Рецепт | Василий Вялый
Я смотрел в слезящееся дождём окно, и жить хотелось всё меньше. Тяжеловесное каждодневное безделье нависло надо мной тяжёлой ультрамариновой тенью. Коньяка в бутылке оставалось на один глоток. Впрочем, алкоголь — слабый прутик против навалившихся обстоятельств жизни.
Мы приспособлены к ним, но это лишь потому, что нашли спасение в непоколебимости наших убеждений, в привычках, в пристрастиях, — я угрюмо покосился на бутылку, — в женщинах. Но всё рушится: рок-н-ролл умер, газеты с твоими первыми рассказами пожелтели, а женщины состарились… Нет, лучше я пойду спать.
Иллюстрация Полины Гипп
Тяжёлым, мокрым сугробом навалилась темнота. Нечто тщетно отодвигаемое в постоянном испуге перед собой и своей слабостью справиться с этим, что-то бережно хранимое от других и себя, невероятный страх быть раскрытым выползли наружу с пронзительной отчётливостью. Что же делать?! Безумная озабоченность чем-то невнятным и несбыточность слизывали все остальные мысли, съедали мои впалые щеки, проваливали глаза.
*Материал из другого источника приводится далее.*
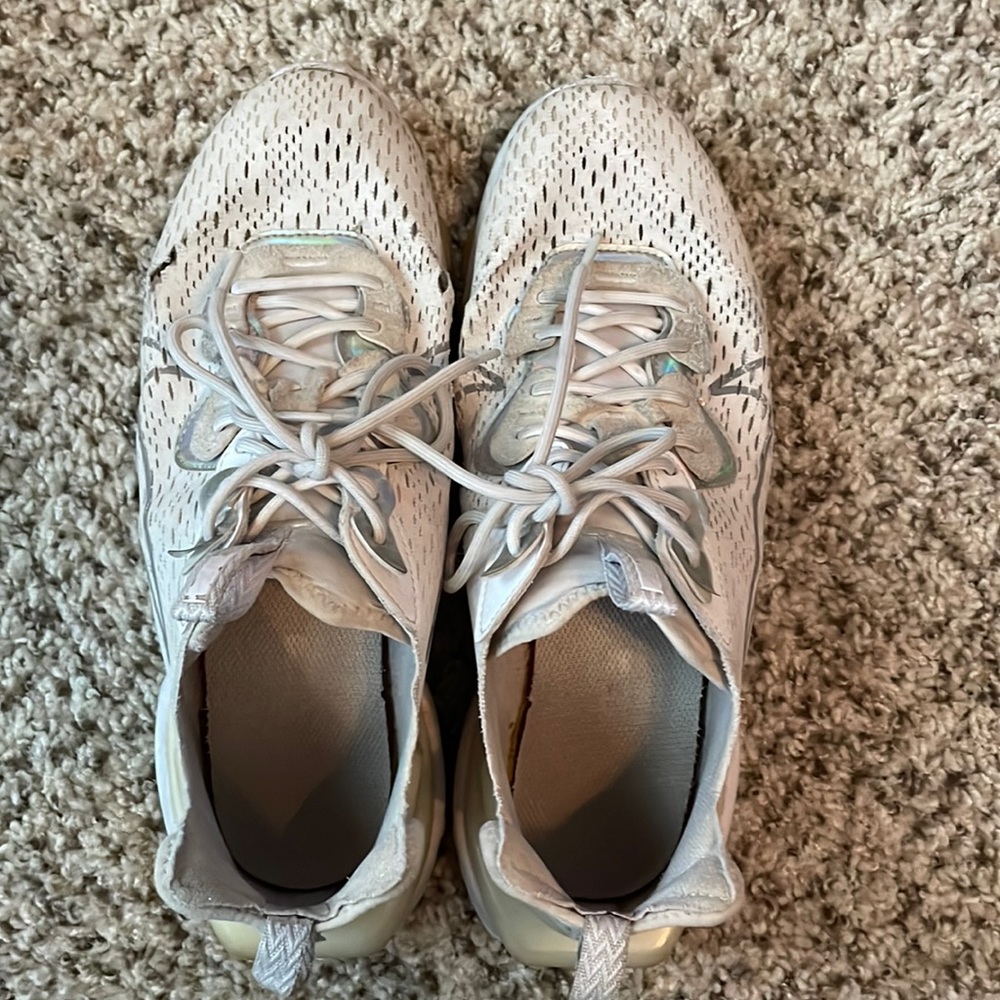 Nike, size 9.5, metallic Nike symbol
Чем отчётливее я ощущал свою никчёмность и беспомощность, тем сильнее сгущалось то саднящее, тяжёлое, что потом превращалось в камень, который уже лежал у меня в груди и мешал ходить, писать, спать, дышать. Я ложился на кровать, затем вставал и ходил по комнате, курил, снова ложился и снова вставал.
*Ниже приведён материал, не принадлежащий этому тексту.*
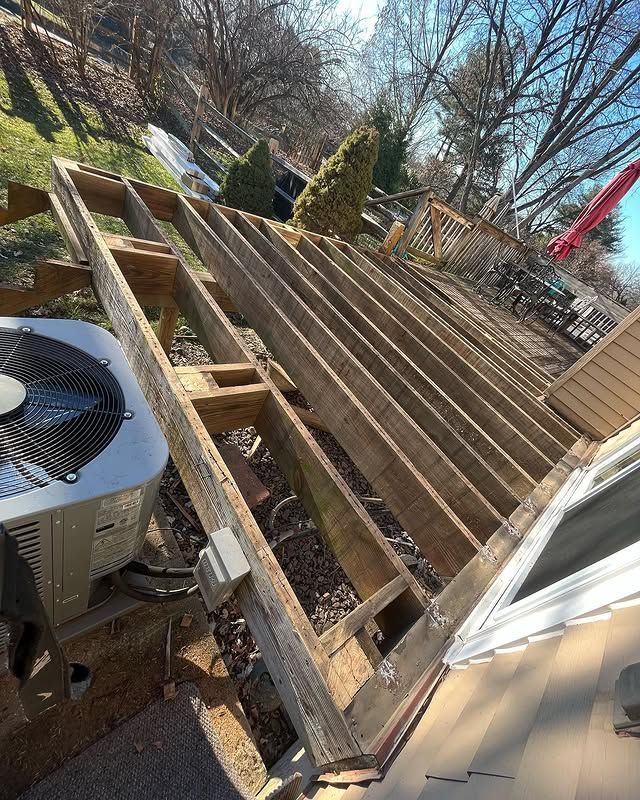 A wooden deck with a air conditioner on top of it.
Случайному человеку может показаться, что я не организован. Это совсем не так: у меня припасена прочная верёвка, а это значит, что пребывание в жизни явно затянулось. На самом краю ничего не страшно — можно презирать поднадоевшее бытие. В обиде на мир заключается обманчивая видимость каких-то отношений с жизнью, по существу, давно уже утраченных, без всякой надежды на реанимацию. Эфирный момент медицинской власти — не административной, не интеллектуальной и даже не физической — всегда более суров и твёрд: в операционную! Никто при этом не защитит: ни скользкий адвокат, ни знакомые братки-спортсмены, ни мощные мускулы и боксёрские навыки. На стол! И вот ты наг, как Адам, немощен и жалок. Не вполне внятно, по-идиотски улыбаешься хорошенькой медсестре-анестезиологу, но она вызывающе невозмутима. Через мгновение на твоём лице наркозная маска и лиловое облако закрывает солнце.
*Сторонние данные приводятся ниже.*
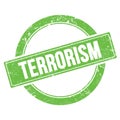 TERRORISM text on green grungy round stamp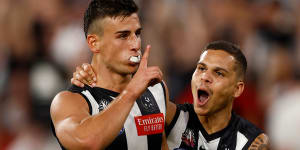 Nick Daicos of the Magpies celebrates a goal.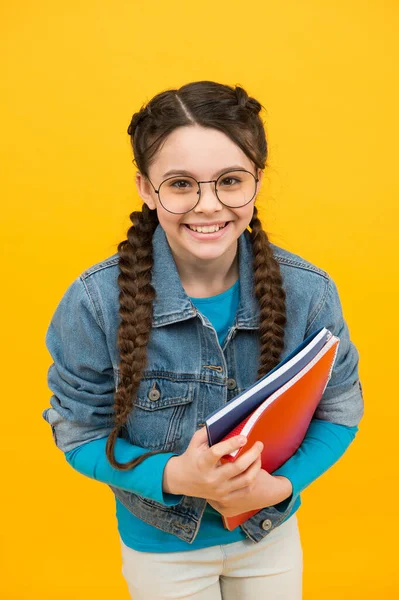Happy kid with nerd look hold school books in casual fashion style yellow background, back to school — Stock fotografie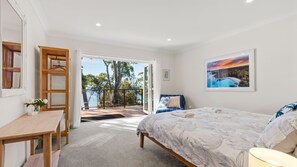 Quarto com cama, escrivaninha, cadeira, varanda e vista para árvores e água, além de um quadro na parede.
Это лишь образы медицинской власти, ибо в клинике, где я нахожусь, нет операционной. Зато есть решётки на окнах, суровые санитары и много-много таблеток. Психиатрия, на мой непросвещённый взгляд, — весьма зыбкое дело. Это ж не грыжу удалить. Тут ничего нет такого, что можно было б увидеть или потрогать. Всё очень просто и в то же время сложно. С виду нормальный человек, но однажды прикладывает пистолет к виску и нажимает на курок.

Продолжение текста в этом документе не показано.